What about changing your final loop to...:

while not stopEvent.isSet():
    try:
        for event in pygame.event.get():
            if event.type == pygame.QUIT:
                stopEvent.set()
    except KeyboardInterrupt:
        stopEvent.set()

i.e., make sure you catch keyboard interrupts and treat them just the same as a quit event.

Alex Martelli
This would appear to work, as long as I also do the same inside the thread itself. It seems a bit strange to me that I have to explicitly catch the KeyboardInterrupt, though.
Sebastian P.
@Sebastian, KeyboardInterrupt always goes to the main thread, so I'm not sure why you should also catch it in secondary threads.
Alex Martelli
Indeed it would appear so, can't seem to replicate what I got earlier now. Maybe my files were out of sync. Thanks.
Sebastian P.
A: 

Amending Alex's answer, note that you probably want to do this on all exceptions, to ensure that you shut down the thread if the main thread fails for any reason, not just KeyboardInterrupt.

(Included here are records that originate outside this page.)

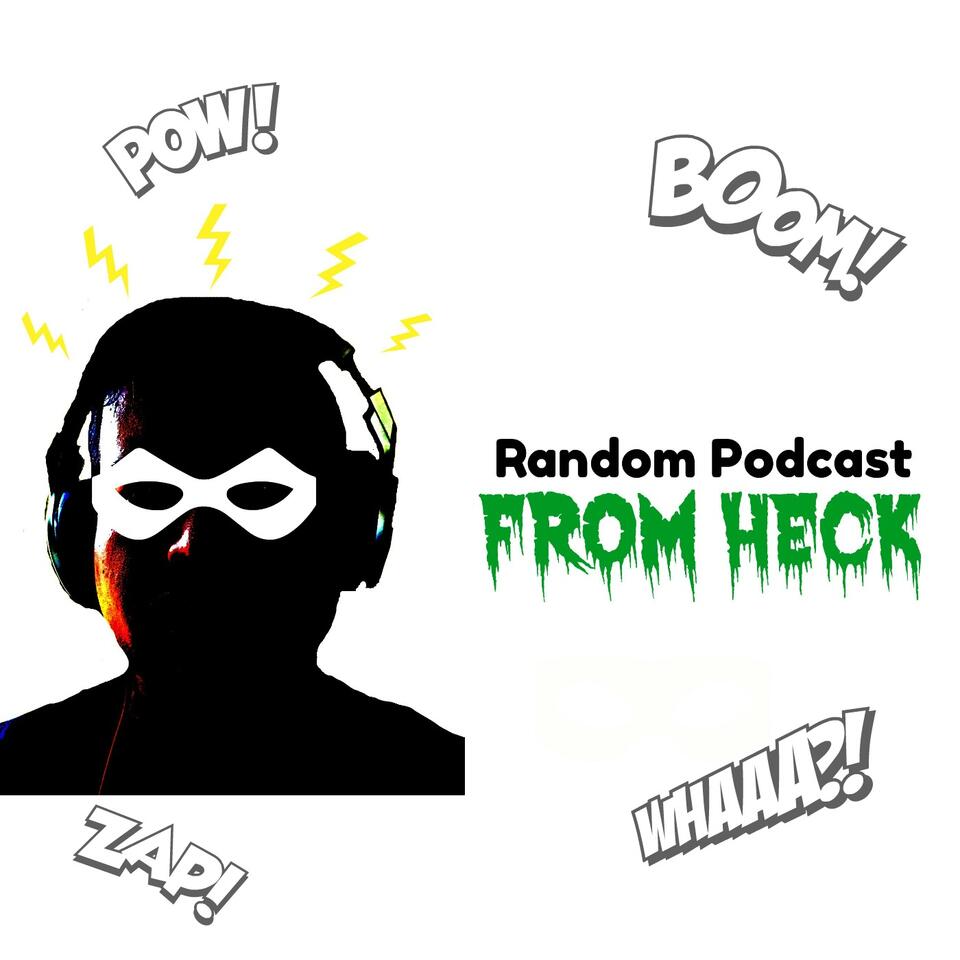 Random Podcast From Heck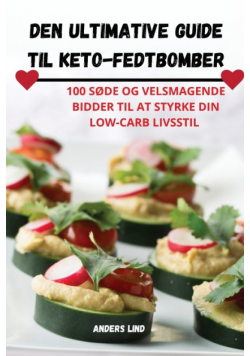 Den Ultimative Guide Til Keto-Fedtbomber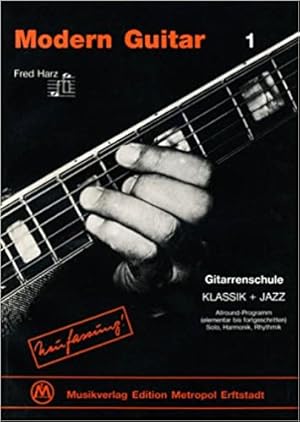 Imagen del vendedor de Modern Guitar 1 - Gitarrenschule Klassik + Jazz Neufassung Allround-Programm (elementar bis fortgeschritten) Solo, Harmonik, Rhythmik. Neufassung a la venta por Antiquariat Heinzelmnnchen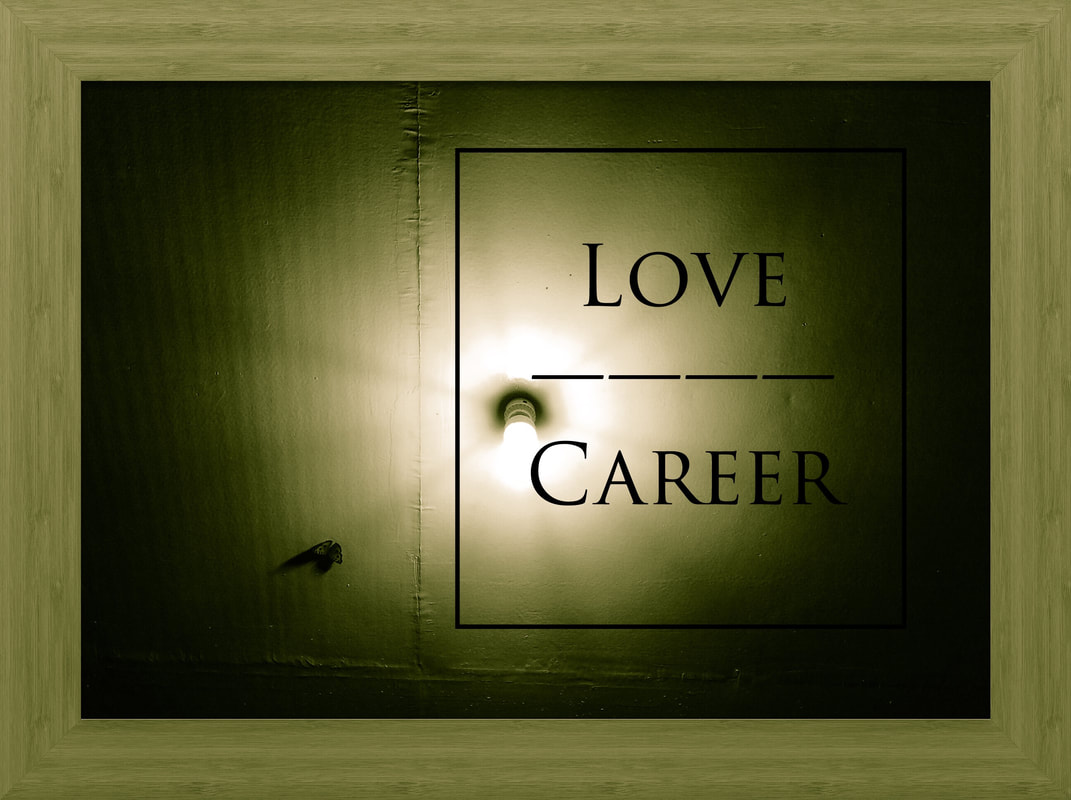 Love Over Career
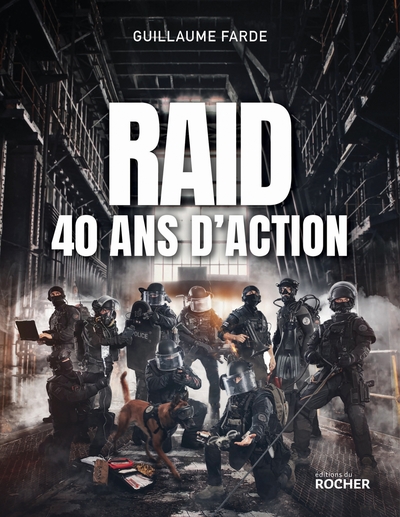 RAID - 40 ANS D´ACTION - 40 ANS A SERVIR SANS FAILLIR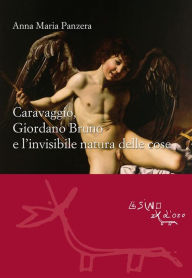 Title: Caravaggio, Giordano Bruno e l'invisibile natura delle cose, Author: Anna M. Panzera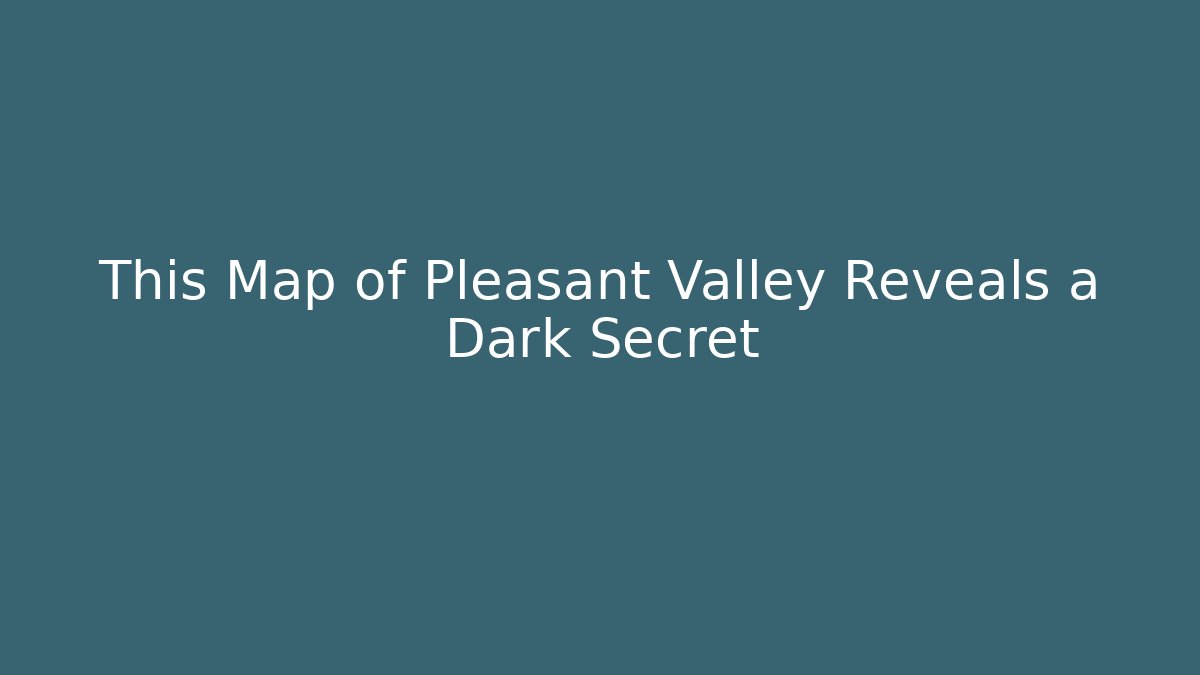 This Map of Pleasant Valley Reveals a Dark Secret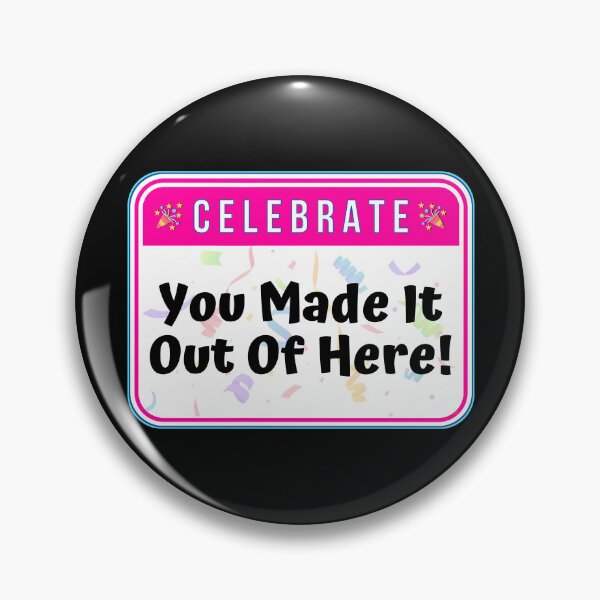 Item preview, CELEBRATE:  You Made It Out Of Here! - funny warning signs designed and sold by DesignsFromTW-S.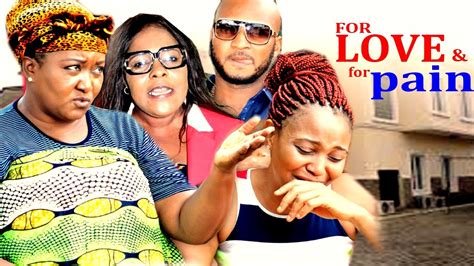 For Love And For Pain Season 4 2017 Latest Nigerian Nollywood Movie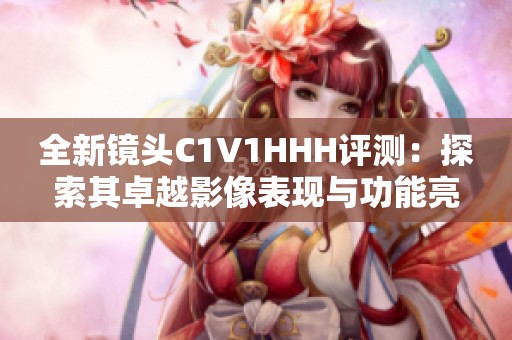 全新镜头C1V1HHH评测：探索其卓越影像表现与功能亮点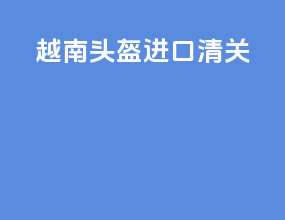 越南头盔进口清关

You also need to move the exception handler out, to avoid race conditions. For example, there might be a KeyboardInterrupt while calling stopEvent.isSet().

try:
    t = Thread(target=update)
    t.start()

    while not stopEvent.isSet():
        for event in pygame.event.get():
            if event.type == pygame.QUIT:
                stopEvent.set()
finally:
    stopEvent.set()

Doing this in finally makes it clearer: you can tell immediately that the event will always be set regardless of how you exit this code block. (I'm assuming setting the event twice is harmless.)

If you don't want to show a stack trace on KeyboardError you should catch it and swallow it, but be sure to do that only in your outermost code to be sure the exception is propagated out fully.